Rasa penasarannya makin besar, langkah kakinya membawanya melewati gerbang tersebut demi mendapatkan sesuatu yang lebih spektakuler. Langkahnya lagi-lagi terhenti karena sesuatu yang lebih menakjubkan. Bayangan seperti... manusia, namun Sungjin dapat melihat jelas ada tonjolan di kepalanya dan sesuatu yang melambai. Detak jantungnya bekerja dua kali lebih cepat, antara penasaran dan takut. Namun ia memilih untuk berdiri sembari bayangan tersebut mendekatinya. Semakin dekat, semakin dirinya penasaran, ternyata seorang manusia. Tapi sepertinya tidak dapat dikatakan manusia juga. Rambut merah terang dengan dua telinga di kepalanya serta sesuatu yang panjang dan berbulu melambai-lambai dari balik punggungnya berwarna selaras dengan rambutnya. Apakah itu? Ekor kah? Lalu makhluk apakah ini? Siluman kucing? Rubah? Tapi wujudnya sungguh manusia, dengan kaos dan celana mirip seperti yang Sungjin gunakan.
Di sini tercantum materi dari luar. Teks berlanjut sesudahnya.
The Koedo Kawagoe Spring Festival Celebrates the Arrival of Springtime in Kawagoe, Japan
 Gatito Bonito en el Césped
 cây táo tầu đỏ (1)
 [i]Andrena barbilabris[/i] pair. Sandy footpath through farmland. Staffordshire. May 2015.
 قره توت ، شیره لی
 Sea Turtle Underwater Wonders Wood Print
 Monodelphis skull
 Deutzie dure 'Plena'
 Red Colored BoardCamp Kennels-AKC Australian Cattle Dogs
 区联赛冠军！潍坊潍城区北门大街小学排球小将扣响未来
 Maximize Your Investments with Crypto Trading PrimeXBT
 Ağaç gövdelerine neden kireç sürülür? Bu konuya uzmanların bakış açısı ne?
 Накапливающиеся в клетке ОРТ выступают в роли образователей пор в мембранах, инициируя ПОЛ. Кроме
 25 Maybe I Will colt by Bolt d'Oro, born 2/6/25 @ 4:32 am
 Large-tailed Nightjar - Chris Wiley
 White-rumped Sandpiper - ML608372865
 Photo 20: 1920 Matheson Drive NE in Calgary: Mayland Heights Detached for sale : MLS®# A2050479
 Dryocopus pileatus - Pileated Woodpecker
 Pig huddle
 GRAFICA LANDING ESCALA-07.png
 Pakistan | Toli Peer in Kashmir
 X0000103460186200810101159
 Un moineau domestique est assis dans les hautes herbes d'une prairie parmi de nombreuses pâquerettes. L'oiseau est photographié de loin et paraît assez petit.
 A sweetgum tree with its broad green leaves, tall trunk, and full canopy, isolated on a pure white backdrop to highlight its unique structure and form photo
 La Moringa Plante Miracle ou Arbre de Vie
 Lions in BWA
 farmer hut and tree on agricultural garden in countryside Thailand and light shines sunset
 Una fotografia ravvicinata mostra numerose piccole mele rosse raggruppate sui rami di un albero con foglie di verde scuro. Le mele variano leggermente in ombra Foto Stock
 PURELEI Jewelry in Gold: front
Makhluk tersebut semakin mendekat, kali ini Sungjin dapat melihat wajahnya di bawah sorot sinar rembulan yang memancarkan keindahannya. Seorang pria bermata tajam berwarna coklat bening seperti rubah, hidung mancung bagaikan perosotan, dan senyum manis yang terukir pada bibir tipis berwarna merah muda. Tidak ada yang janggal padanya, kecuali telinga dan ekor itu. Makhluk tersebut tepat berhenti dua langkah di depan Sungjin, membuat pria 27 tahun tersebut tidak bisa bergeming. Satu kata yang berputar di kepalanya, indah. Walau tak semua tau, namun beberapa rekan terdekat Sungjin tau betul bahwa ia lebih tertarik pada lelaki manis dibandingkan perempuan manis, seperti yang dihadapannya saat ini.
Beberapa menit ditatap tepat di mata oleh makhluk menyerupai rubah ini, akhirnya Sungjin angkat bicara. "Ehem" dehamnya sekilas untuk membersihkan tenggorokannya. "Anda si..apa?" "Harusnya saya yang bertanya, Anda siapa? Dan ada apa kemari di jam seperti ini?" tanya makhluk tersebut. Suaranya, sungguh merdu hingga tak dapat dideskripsikan. "Ah itu, saya fotografer, ingin mengambil beberapa gambar atas saran teman." jawab Sungjin dengan suara yang agak bergetar. Entah karena takut, gugup, atau terkesima. "Mau diantar? Saya yang bertanggung jawab atas daerah ini." tawaran manis dengan senyum yang tak kalah manis dibalas Sungjin dengan anggukan kecil yang sesaat setelahnya, Sungjin merasakan tangan dingin menggandengnya, lalu menariknya untuk jalan ke dalam tempat tersebut.